Another slide shows a photograph of bloody handprints on a wall, and blood on walls, presumably evidence of torture or murder. There also is other evidence of hostage-taking presented.
“The anti-Iraqi forces took hostage the city of Fallujah and projected terrorism across all of Iraq,’’ it states.
The presentation ends with photos of local Iraqis “securely and calmly’’ receiving food supplies from Iraqi security forces.
“Overall, we’ve gotten positive feedback on the packaging, because it contains a lot of information and provides visuals,’’ Bleichwehl said. An Arabic version of the presentation has been released, he said.

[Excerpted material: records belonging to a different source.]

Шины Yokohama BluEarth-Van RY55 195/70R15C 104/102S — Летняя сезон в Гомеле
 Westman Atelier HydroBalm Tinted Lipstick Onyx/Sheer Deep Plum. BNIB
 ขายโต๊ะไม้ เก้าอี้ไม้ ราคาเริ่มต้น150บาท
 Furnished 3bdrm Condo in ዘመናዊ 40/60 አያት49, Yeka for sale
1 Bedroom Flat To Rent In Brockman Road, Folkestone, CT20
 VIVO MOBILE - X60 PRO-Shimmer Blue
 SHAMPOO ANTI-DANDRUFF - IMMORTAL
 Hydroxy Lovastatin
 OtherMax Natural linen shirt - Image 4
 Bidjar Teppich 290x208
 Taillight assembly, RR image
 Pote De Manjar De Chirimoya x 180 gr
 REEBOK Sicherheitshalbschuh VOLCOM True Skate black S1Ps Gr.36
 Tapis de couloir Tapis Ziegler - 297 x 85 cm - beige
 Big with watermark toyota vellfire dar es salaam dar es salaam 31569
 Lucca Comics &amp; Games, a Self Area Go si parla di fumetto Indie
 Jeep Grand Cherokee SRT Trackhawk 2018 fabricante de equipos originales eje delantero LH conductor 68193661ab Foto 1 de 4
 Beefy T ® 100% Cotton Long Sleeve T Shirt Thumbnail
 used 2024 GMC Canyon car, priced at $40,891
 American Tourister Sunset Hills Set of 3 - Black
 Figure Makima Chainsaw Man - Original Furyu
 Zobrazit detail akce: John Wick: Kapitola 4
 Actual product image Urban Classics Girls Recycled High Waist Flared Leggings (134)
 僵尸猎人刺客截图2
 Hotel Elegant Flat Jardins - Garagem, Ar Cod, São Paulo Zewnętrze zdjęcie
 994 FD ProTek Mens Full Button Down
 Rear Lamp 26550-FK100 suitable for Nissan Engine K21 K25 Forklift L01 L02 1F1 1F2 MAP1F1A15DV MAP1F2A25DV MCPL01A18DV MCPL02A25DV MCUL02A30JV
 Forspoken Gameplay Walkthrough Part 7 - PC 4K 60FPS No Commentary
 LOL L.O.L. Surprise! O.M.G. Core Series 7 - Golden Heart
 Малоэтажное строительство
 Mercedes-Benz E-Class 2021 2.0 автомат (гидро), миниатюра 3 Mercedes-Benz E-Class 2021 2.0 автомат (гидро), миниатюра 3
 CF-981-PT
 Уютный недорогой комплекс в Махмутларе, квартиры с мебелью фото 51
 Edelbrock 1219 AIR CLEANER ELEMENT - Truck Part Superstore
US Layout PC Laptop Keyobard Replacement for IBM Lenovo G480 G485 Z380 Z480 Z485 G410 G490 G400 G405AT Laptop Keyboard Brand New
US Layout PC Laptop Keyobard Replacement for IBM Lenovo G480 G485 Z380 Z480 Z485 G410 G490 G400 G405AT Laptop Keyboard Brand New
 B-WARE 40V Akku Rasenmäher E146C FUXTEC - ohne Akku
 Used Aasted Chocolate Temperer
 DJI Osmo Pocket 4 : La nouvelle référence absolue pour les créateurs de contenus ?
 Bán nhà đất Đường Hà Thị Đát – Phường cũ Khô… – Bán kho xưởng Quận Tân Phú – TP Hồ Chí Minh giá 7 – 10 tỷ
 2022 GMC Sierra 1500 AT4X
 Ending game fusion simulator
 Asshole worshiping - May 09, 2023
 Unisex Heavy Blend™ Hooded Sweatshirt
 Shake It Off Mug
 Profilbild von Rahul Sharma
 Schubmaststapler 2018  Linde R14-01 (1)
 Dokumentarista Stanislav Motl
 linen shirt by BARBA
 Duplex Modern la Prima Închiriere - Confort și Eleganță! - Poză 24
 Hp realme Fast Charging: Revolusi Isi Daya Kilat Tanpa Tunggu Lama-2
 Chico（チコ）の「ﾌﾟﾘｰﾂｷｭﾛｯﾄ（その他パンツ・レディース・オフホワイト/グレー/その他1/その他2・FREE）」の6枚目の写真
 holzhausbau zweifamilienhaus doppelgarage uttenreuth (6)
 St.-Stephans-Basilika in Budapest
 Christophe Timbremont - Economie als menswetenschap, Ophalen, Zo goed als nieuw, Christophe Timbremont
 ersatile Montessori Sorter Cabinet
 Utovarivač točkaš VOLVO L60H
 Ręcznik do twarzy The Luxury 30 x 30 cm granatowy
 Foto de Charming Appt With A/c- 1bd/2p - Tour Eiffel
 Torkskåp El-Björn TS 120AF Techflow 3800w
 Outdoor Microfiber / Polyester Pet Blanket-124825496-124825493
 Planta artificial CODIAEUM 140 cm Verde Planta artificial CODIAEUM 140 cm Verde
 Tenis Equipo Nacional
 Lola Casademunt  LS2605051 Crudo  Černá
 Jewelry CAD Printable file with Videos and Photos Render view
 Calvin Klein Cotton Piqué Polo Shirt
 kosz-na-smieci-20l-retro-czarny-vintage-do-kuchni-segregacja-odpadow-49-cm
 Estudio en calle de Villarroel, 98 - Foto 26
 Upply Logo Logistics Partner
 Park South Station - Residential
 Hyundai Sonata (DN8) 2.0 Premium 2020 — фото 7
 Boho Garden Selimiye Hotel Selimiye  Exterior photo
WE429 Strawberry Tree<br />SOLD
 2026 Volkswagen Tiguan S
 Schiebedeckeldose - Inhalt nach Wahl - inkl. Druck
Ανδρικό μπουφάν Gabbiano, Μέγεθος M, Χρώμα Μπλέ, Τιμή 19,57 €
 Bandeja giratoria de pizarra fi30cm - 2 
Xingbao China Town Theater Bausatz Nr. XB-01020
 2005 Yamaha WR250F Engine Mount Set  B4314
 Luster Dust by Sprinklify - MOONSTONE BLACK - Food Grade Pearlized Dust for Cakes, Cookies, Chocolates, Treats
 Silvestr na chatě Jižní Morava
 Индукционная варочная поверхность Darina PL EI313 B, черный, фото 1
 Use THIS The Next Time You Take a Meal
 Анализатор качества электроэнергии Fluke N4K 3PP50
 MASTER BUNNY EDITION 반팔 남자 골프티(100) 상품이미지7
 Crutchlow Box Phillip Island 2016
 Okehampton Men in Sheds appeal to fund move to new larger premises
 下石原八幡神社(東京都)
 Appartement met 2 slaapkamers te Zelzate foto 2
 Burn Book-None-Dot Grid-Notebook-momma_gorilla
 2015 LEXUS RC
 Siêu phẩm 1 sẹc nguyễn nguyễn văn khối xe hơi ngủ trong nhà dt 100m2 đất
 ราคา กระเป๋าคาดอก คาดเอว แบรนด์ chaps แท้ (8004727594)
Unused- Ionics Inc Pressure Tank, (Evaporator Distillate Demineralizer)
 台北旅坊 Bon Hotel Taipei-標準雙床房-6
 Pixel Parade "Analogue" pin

A competing vision of the Fallujah operation is presented by the blog titled “Iraq in Pictures’’ (www.fallujahinpictures.com), which Krohn says is far more similar to what Iraqis, and the Arab world, see on their satellite news channels.
The site has become one of the hotter blogs on the Internet, receiving thousands of visits a day.
In the version of the website that was up last week, the first image on the site showed a malnourished Iraqi baby, wide-eyed and screaming in pain, under the sarcastic headline, “another grateful Iraqi civilian.’’
Many of the photographs are far more graphic than are usually carried in newspapers, showing headless bodies, bloodied troops, wounded women, and bandaged babies missing limbs. One added recently shows a US soldier with part of his face blown away by a bomb.
The blog also amounts to a critique of the US news media. Another section of the site, under the headline, “Also not in today’s news,’’ shows a photograph of a Marine propped against a concrete wall, grimacing as he is treated for a shrapnel wound in his upper right leg.
The blogger — who in an e-mail responding to a query identified himself as “Hugh Upton,’’ but when questioned said that was a pseudonym — explained on his website that one of its purposes is to show the ugliness of what he believes is really going on in Iraq. “The world sees these images and we do not,’’ he states. “That scares the hell out of me, as it should you.’’
He insists that he is sympathetic to US troops. “I am angry with our citizens, not our military,’’ he writes. “If this war is unjust they are among the victims of it.’’
In an interview, the blogger said he started the site after the presidential election, working on it in his spare time, because he believes “there is an emotional truth to the war, and it’s not being shown’’ in the US media. Since starting it, he said, the site has had more than 800,000 hits. He also has received more than 2,000 e-mail messages, about 10 percent of them hate mail, he said.
He declined to disclose his real name or many personal details. He said he is a 26-year-old writer in New York who works for an Internet company. He originally is from the District of Columbia, he said.
After being interviewed, he added more information to his website, insisting: “This is not an anti-war site. You can visit this site and appreciate what it’s doing and still support the war. ... We need the whole story.’’ He added that those wanting to see “the other side’’ of the story should “Go to Fox News, CNN, USA Today, WSJ, the Washington Post, or any of the other outlets that has these pictures and doesn’t show them.’’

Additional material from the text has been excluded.